Fig. 1 is the structural representation of distributed cone optical-fiber grating sensor of the present invention.Fig. 2 is the structural representation of the reflected light bandwidth demodulating equipment of distributed cone optical-fiber grating sensor of the present invention.Fig. 3 is that stress inferior pyramidal grating reflection spectrum changes synoptic diagram, and horizontal ordinate is represented the central wavelength lambda (nm) of taper optical grating reflection light, and ordinate is represented the pulse amplitude R (dB) of taper optical grating reflection light.Fig. 4 is the wide and stress changing relation synoptic diagram of taper optical grating reflection bands of a spectrum, and horizontal ordinate is represented the centre wavelength (nm) of taper optical grating reflection light, and ordinate is represented the bandwidth change amount (nm) of taper optical grating reflection light ,-◆-expression stress point.Taper grating reflection spectrum changed synoptic diagram when Fig. 5 was temperature variation, and horizontal ordinate is represented the central wavelength lambda (nm) of taper optical grating reflection light, and ordinate is represented the pulse amplitude R (dB) of taper optical grating reflection light.To be that taper optical grating reflection bands of a spectrum are wide concern synoptic diagram with temperature variation to Fig. 6, and horizontal ordinate is represented the centre wavelength (nm) of taper optical grating reflection light, and ordinate is represented the bandwidth change amount (nm) of taper optical grating reflection light ,-zero-expression temperature variation measurement point.

Embodiment

Embodiment one: referring to Fig. 1, this embodiment distributed cone optical-fiber grating sensor, the mountain multistage constitutes with the fiber segment 1 of diameter, and every section fiber segment 1 contains the taper Bragg grating 2 that length is L, and head end, the end of multistage fiber segment 1 are serially connected successively.The taper Bragg grating 2 that every section fiber segment 1 is contained is the tapers of corroding by along the optical fiber axial linear, and this taper Bragg grating 2 is linear variation along the cross-sectional area of grating orientation.Fiber segment 1 adopts single-mode fiber.The preparation method of every section fiber segment 1 of this embodiment is: utilize the phase mask method to write uniform Prague (Bragg) fiber grating at the single-mode fiber upside of handling through high ballast hydrogen, the grating reflection rate all is higher than 99%; Behind the grating high annealing, the bandwidth of grating and reflectivity no longer change with temperature and time; Grating after will annealing then immerses in the HF acid solution, at the uniform velocity pulls out from HF acid.Because the speed of corrosion was directly proportional with the time, so the xsect of grating was linear change after grating was corroded.In this embodiment, we erode to D (L)=90 μ m with the diameter of fiber segment from D (0)=125 μ m, and L represents the length of Bragg grating.

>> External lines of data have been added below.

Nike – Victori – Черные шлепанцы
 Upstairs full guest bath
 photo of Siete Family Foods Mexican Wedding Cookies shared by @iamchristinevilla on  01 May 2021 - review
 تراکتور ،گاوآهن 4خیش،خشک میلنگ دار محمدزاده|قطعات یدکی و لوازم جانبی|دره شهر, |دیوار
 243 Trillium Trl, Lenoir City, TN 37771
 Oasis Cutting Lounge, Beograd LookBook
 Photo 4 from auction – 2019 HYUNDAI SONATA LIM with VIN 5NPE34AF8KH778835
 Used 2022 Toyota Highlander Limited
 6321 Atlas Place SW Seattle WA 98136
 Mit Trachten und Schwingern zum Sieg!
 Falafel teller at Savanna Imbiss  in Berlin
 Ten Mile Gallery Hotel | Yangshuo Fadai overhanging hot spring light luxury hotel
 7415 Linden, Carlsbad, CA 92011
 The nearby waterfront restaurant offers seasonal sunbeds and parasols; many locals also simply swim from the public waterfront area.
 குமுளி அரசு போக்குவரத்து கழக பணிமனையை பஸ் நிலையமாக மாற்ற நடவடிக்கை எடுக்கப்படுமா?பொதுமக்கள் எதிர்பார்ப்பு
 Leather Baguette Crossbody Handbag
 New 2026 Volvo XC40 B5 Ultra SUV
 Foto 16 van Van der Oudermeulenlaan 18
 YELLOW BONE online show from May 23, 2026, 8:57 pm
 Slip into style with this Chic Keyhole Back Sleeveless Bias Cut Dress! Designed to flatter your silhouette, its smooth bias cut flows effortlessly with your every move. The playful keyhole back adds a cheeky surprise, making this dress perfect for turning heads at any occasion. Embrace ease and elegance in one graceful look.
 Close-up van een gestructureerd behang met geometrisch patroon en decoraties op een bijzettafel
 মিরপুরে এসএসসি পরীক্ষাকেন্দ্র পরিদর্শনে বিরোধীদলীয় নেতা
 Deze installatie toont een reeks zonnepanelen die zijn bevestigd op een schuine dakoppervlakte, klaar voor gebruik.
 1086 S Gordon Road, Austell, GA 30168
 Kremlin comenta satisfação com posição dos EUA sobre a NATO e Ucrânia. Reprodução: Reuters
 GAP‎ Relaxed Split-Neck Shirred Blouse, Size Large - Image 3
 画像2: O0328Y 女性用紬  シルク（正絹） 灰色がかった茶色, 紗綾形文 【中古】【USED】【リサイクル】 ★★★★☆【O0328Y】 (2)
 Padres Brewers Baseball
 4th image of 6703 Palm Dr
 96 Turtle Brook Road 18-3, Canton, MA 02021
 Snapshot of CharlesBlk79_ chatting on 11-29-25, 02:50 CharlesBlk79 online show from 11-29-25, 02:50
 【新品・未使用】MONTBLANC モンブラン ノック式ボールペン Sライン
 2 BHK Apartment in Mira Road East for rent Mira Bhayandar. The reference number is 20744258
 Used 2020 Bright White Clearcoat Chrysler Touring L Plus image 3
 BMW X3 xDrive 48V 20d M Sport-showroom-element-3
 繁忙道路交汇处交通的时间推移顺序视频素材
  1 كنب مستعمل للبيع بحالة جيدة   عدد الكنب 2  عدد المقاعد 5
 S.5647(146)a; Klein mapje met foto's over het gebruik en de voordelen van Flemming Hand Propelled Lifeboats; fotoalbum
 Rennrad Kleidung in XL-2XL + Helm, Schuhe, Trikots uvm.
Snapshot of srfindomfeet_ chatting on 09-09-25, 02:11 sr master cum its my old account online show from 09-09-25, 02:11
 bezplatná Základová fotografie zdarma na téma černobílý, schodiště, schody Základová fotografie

Embodiment two: referring to Fig. 2, the reflected light bandwidth demodulating equipment of the described distributed cone optical-fiber grating sensor of embodiment one is by collimating optics device 4, plane diffraction grating 6, collecting optics device 5, line array CCD 7, CCD controls and reads circuit 8, A/D change-over circuit 9 and central processing unit 10 are formed, the taper optical grating reflection light of distributed cone optical-fiber grating sensor 3 outputs incides the light input end of collimating optics device 4, taper optical grating reflection light becomes parallel beam after by collimating optics device 4 collimation and shines on the plane diffraction grating 6, after plane diffraction grating 6 beam split, obtain light beams of different wavelengths along the different angles scattering, after assembling by collecting optics device 5, the light beams of different wavelengths of this different angles scattering incides the sensitization side of line array CCD 7, at sensitization side acquisition light beams of different wavelengths formed a section or several sections area of illuminations of line array CCD 7; CCD control and read circuit 8 control and each pixel that is used for line array CCD 7 that link to each other with line array CCD 7 and export reading of analog electrical signal, CCD controls and reads the input end of the output terminal connection A/D change-over circuit 9 of circuit 8, and the output terminal of A/D change-over circuit 9 connects the ccd signal input end of central processing unit 10.Described collimating optics device 4 adopts collimation lens set.Described collecting optics device 5 adopts convex lens.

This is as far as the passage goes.